Neurodevelopmental periods are vulnerable to environmental compounds, but there are few adverse outcome pathways (AOP) that detail the key events critical to adverse neurodevelopmental outcomes. AOPs describe a series of biological responses linked by key events, ending in an adverse outcome. We are using proteomic changes produced by xenobiotics to assess molecular alterations which can be applied in the AOP framework. Pregnant Long Evans rats were gavaged with emamectin benzoate (EB; 3.78 mg/kg in 5 mL/kg DI water) or vehicle, from gestational day 6 to postnatal day (PND) 21. Region-specific brain tissues were collected from male and female offspring on PND2, 8, 15, or 22 (one pup/sex/treatment/timepoint). Offspring brain samples were analyzed using Orbitrap LC-MS and the identified proteins were then further processed using Proteome Discover (v 2.4) and Ingenuity Pathway Analysis software. Comparisons of proteomic content were made across the developmental period, examining changes between PND2 and PND22 for each treatment and by sex. Pathway analyses displayed different biological processes between the groups. Female rats treated perinatally with EB had proteomic signatures that implicated inhibition in pathways involved in cognition and synthesis and concentration of ATP which were not indicated in controls. In EB treated males, we observed pathways involved in cognition, learning, and memory to be inhibited, and activation in processes involved in cellular degradation and abnormalities of the cerebral cortex. Top up or downregulated molecules in female EB-treated rats compared with controls included processes such as cell adhesion (increased expression: Clstn1, Fga; decreased: Aqp4), metabolic processes (decreased: Ca4), and cell proliferation (increased: Igf2bp1). Male EB-treated rats exhibited protein alterations involved in signal transduction (increased: Hap1, Dcc; decreased: Ppp1r1b), cell to cell signaling (decreased: Pvalb), stress response (increased: Serpina1), and cytoskeletal activity (decreased Ermn). Additional proteomic analyses of other brain regions are on-going.  Overall, we observed an ontological change in the proteomic signature following perinatal EB treatment. Information regarding changes in profiles of proteomic development can serve as key events to map onto AOP frameworks. This is an abstract of a proposed presentation and does not necessarily reflect US EPA policy.

Impact/Purpose

New Approach Methodologies (NAMs) are being developed to foster assessment of Neurotoxicity and Developmental Neurotoxicity (DNT).

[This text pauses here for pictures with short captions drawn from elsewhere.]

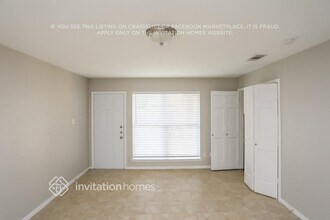 1706 Surrey Ct in Garland, TX - Foto de edificio - Building Photo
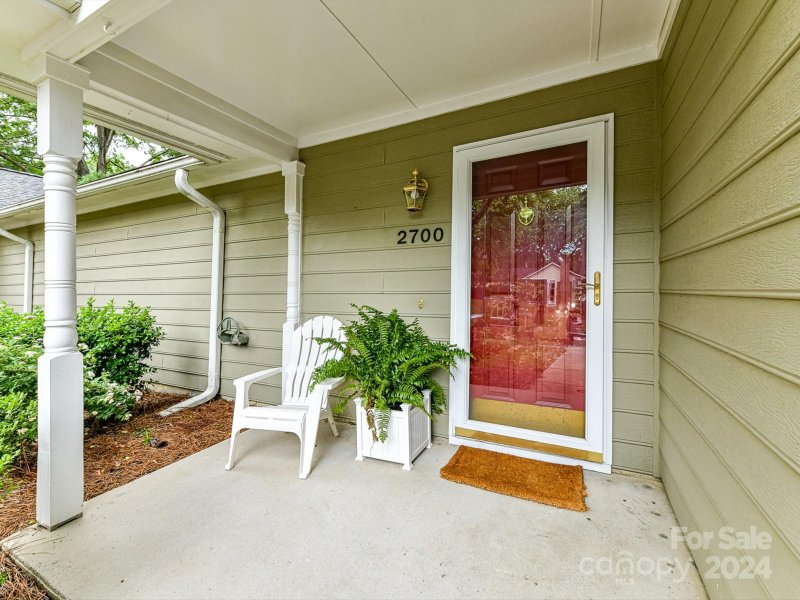 Property image 4 at 2700 Tiergarten Lane, Charlotte, NC 28210
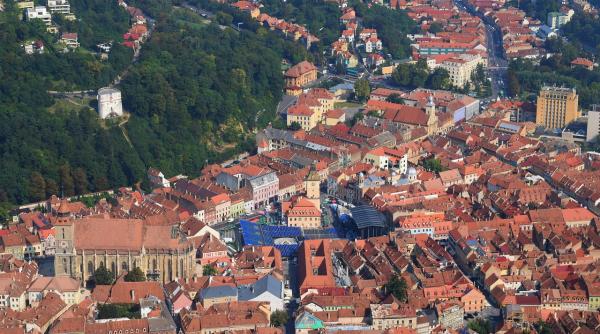 S-a făcut "curat" în Brașov. Peste 100 de turiști au rămas fără mașini de Sărbători 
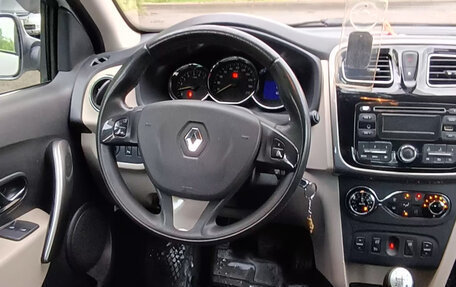 Renault Logan II, 2016 год, 780 000 рублей, 10 фотография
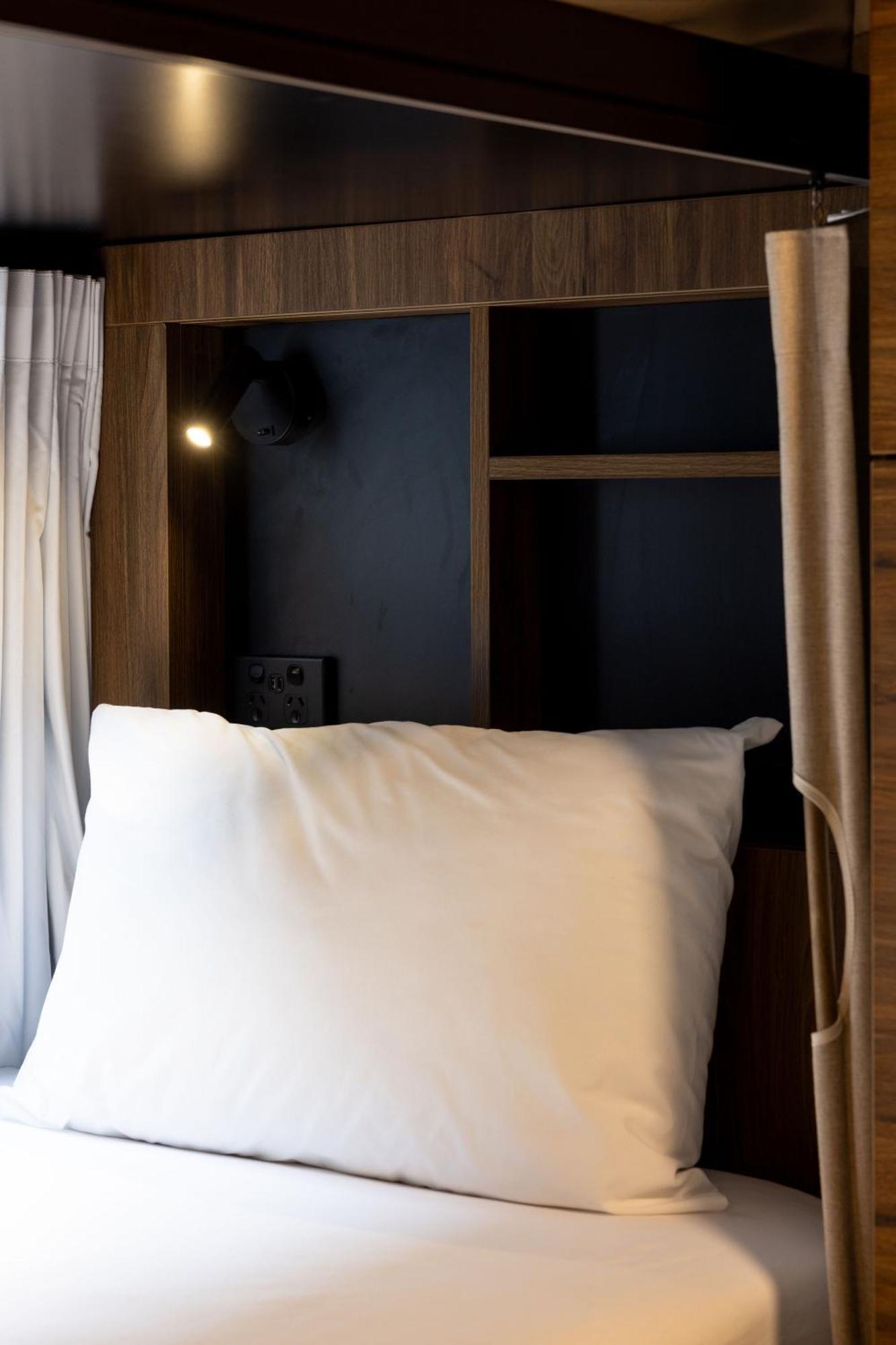 Bed in 6-Bed Dormitory Room - Lake View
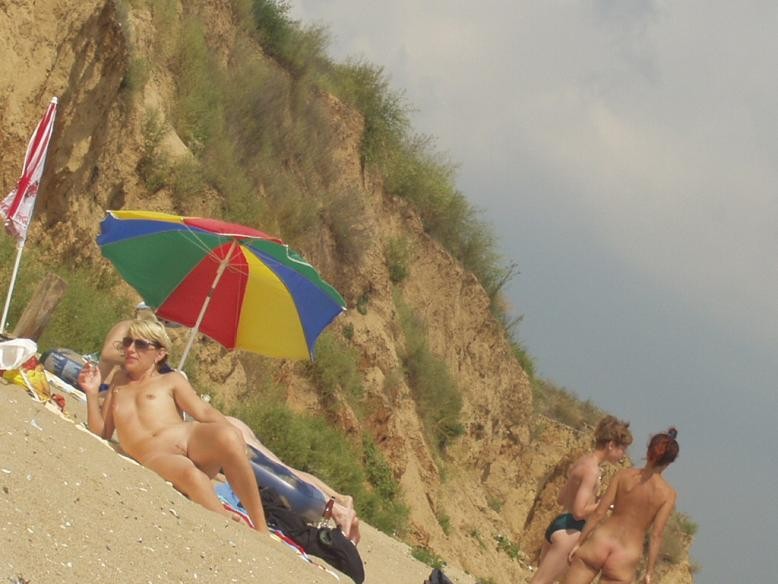 Una pelirroja salvaje baila desnuda en una playa pública
 #72253094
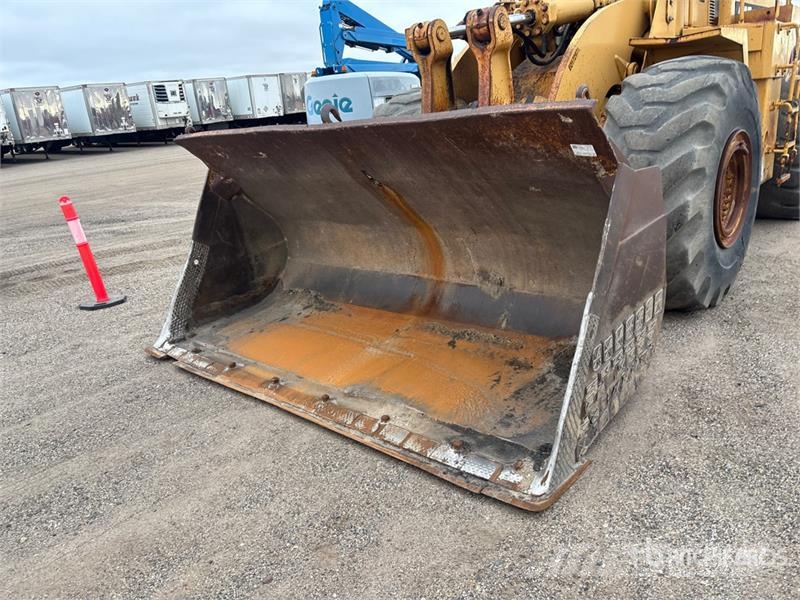 CAT 980C Kolesni nakladalci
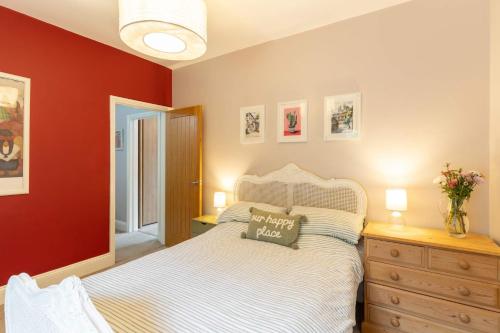 Three-Bedroom Holiday Home  image 8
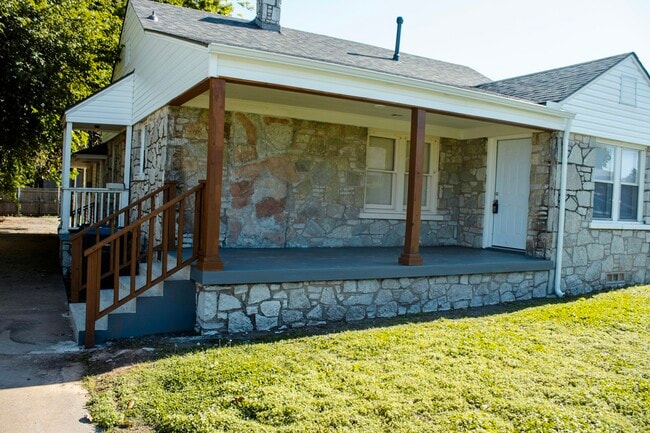 Photo - 2420 NE 25th St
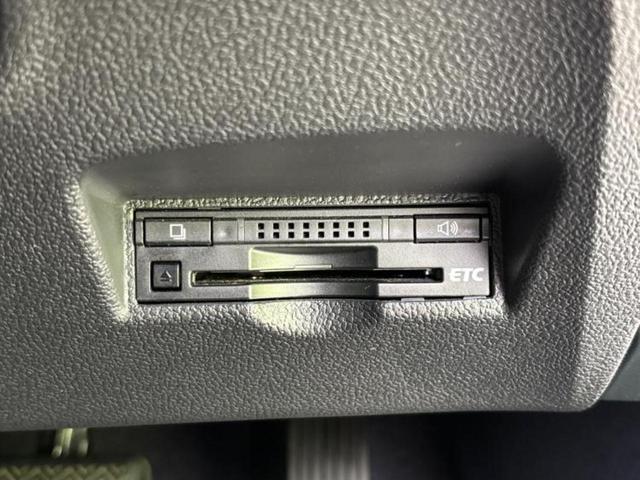 プリウス Ｓ　保証書／純正　ＳＤナビ／ヘッドランプ　ＬＥＤ／Ｂｌｕｅｔｏｏｔｈ接続／ＥＴＣ／ＥＢＤ付ＡＢＳ／横滑り防止装置／アイドリングストップ／フルセグＴＶ／ＤＶＤ／エアバッグ　運転席／エアバッグ　助手席（18枚目）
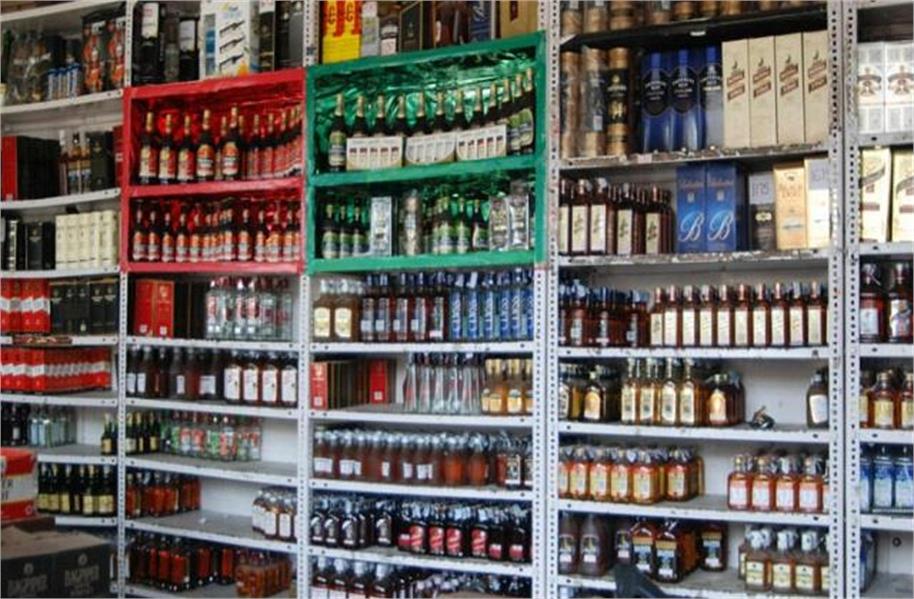 शराब की एक भी बोतल बेचे बिना तेलंगाना सरकार ने कमा लिए 2600 करोड़ रुपये, जानिए क्या है मामला?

Confidence in the use of these NAMs for risk decisions under FIFRA, TSCA and other authorities is increased when the outcomes in these assays are linked in a biologically plausible context to adverse outcomes of regulatory interest through Adverse Outcome Pathways (AOPs). This project aims to assess the unique protein signatures following developmental exposure to known neurotoxicants in vivo, as well as measure functional changes that can then be related to these protein level changes. These alterations in proteomics can then be applied to the AOP framework as biological key events. Ultimately these in vivo proteomic biomarkers will be compared to those observed in in vitro counterparts. Concordance of 'omics results from in vitro cell culture to ex vivo or in vivo experiments will help verify the predicitve validity of the DNT NAMs.

Citation

Pitzer, E., T. Beasley, G. Jung, K. McDaniel, W. Padgett, W. Winnik, AND D. Herr. Developmental emamectin benzoate exposure alters ontological proteomic signatures in Long Evans rats. International Neurotoxicology Association, Durham, NC, May 21 - 25, 2023.